A campanha - e a sua força - do NÃO tem estado assente neste argumento, fundamentalista ou não. E tem estado assente aqui porque é a única forma inequívoca que lhes permite fazer finca pé. A partir do momento em que falas de "vida humana em gestação" - contrapondo com uma vida de corpo inteiro, como um adulto - que já estás a hierarquizar, e a abrir a porta para admitir o aborto.

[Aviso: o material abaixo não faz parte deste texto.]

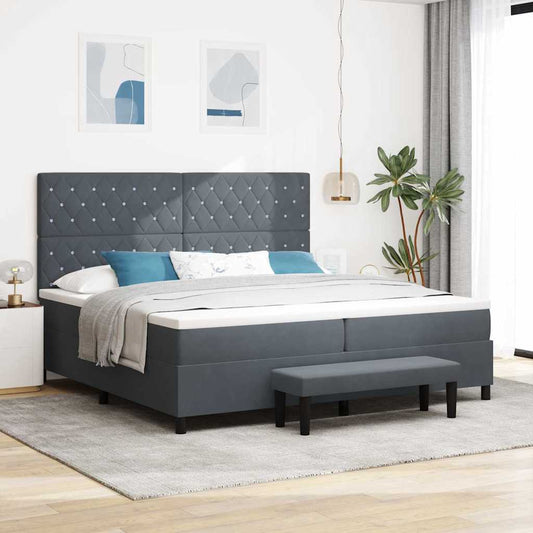 Box Spring Seng Med Madras Mørkegrå 200 X 200 Cm Fløjl - Hovedbillede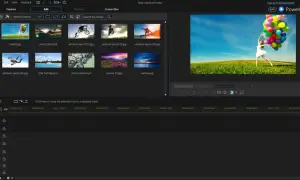 Interfejs programu PowerDirector z widokiem biblioteki multimediów i podglądem wideo. Użytkownik przygotowuje projekt, wybierając klipy.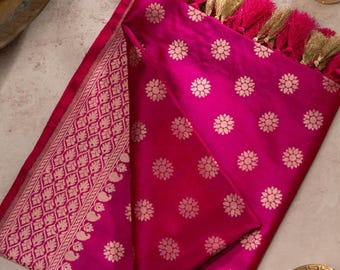Rani Pink Banarasi Silk Dupatta: Handwoven Floral Zari Pallu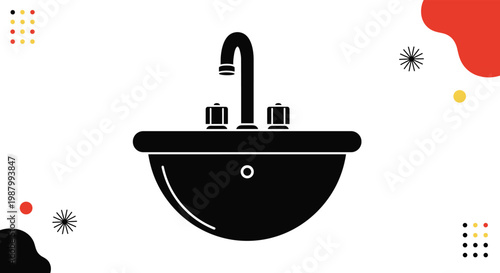 Minimalist black silhouette of a classic bathroom sink with dual handles and a curved faucet set against a geometric background.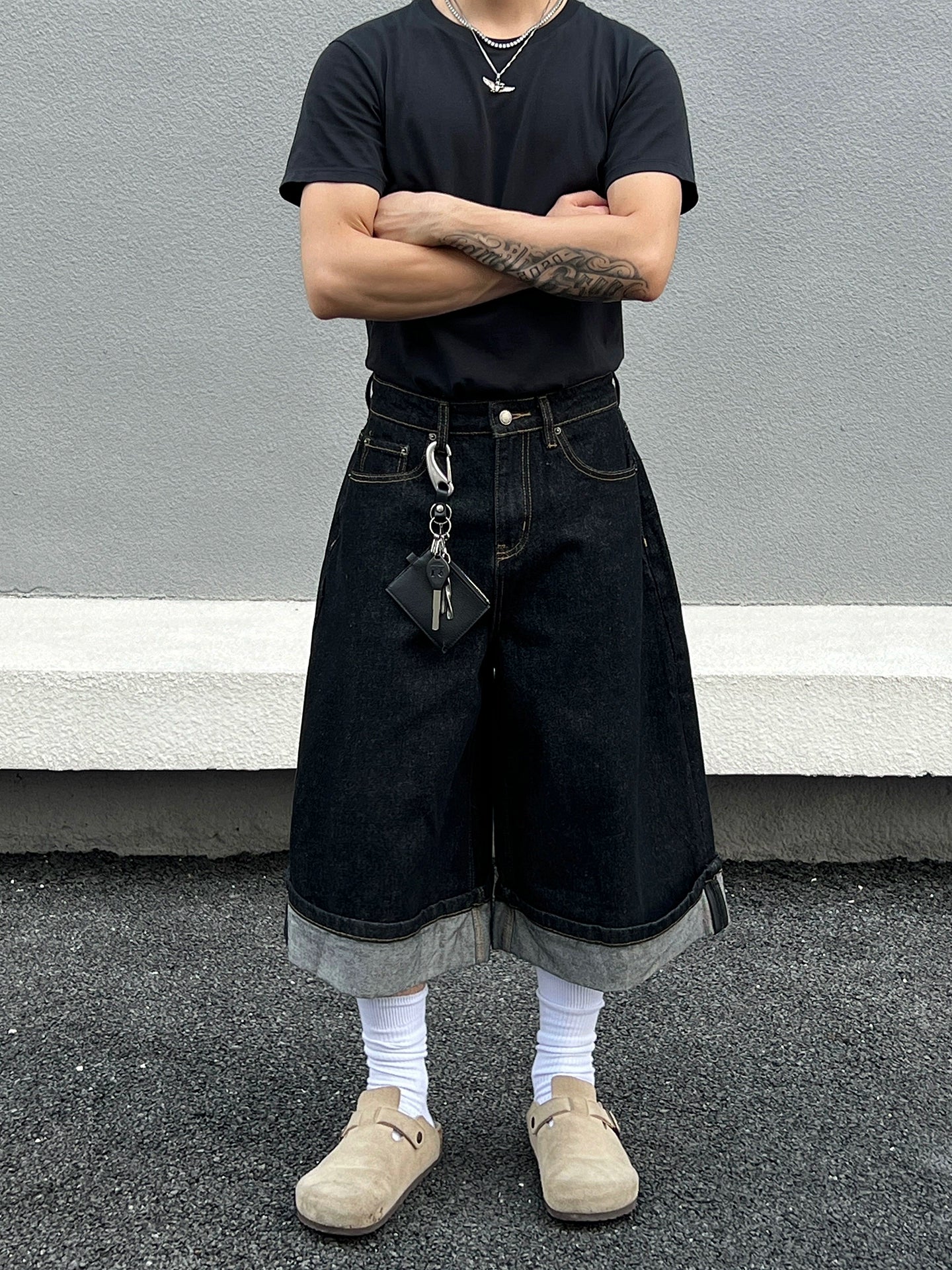 Cuffed Wide-Leg Cropped Denim Pants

Mas nesta altura do campeonato isto são pormenores. Parece-me que concordamos no essencial, e que o que quer que lhe chamemos, um feto tem mais valor moral que um vegetal e menos valor moral de um adulto, e em particular a sua mãe.
Caro Renato;
Li este post já depois de conhecidos os resultados do referendo e de ter votado Sim, pelo que posso comentá-lo com algum distanciamento. Uma das minhas leituras recentes foi «Ética Prática» de Peter Singer que trata de algumas destas questões. Não concordo com algumas ideias do autor, mas ele permitiu-me esclarecer o seguinte:
a) Um feto é vida humana mas não é uma «pessoa»;
b) O conceito de «pessoa» deve estender-se a alguns animais superiores dotados de linguagem, capacidade de recorrer a utensílios e auto-conhecimento, como os gorilas e chimpanzés;
c) Apesar dos fetos e dos animais não conscientes não serem «pessoas» possuem alguns direitos;
d) Não concordo com a perspectiva de Peter Singer de colocar ao mesmo nível ético a vida humana não consciente e a vida animal não consciente;
e) Uma das diferenças entre um feto em estado avançado e um animal não consciente é que o feto desenvolvido, não sendo uma pessoa, resulta, no mínimo, da vontade ou do consentimento de uma pessoa – a mãe.
f) A admissão do aborto num estado inicial da gravidez é compatível e mesmo uma condição de validação da proposição anterior.
No meu voto, tive também em conta a distinção entre convicções éticas pessoais e lei. A lei tem de admitir uma pluralidade de convicções éticas e não pode excluir que o aborto a pedido, que escandaliza os seguidores do Não, num caso concreto possa ter um sentido ético, em que a responsabilidade perante pessoas já existentes é considerada prioritária face à responsabilidade perante um ser humano que ainda não é pessoa.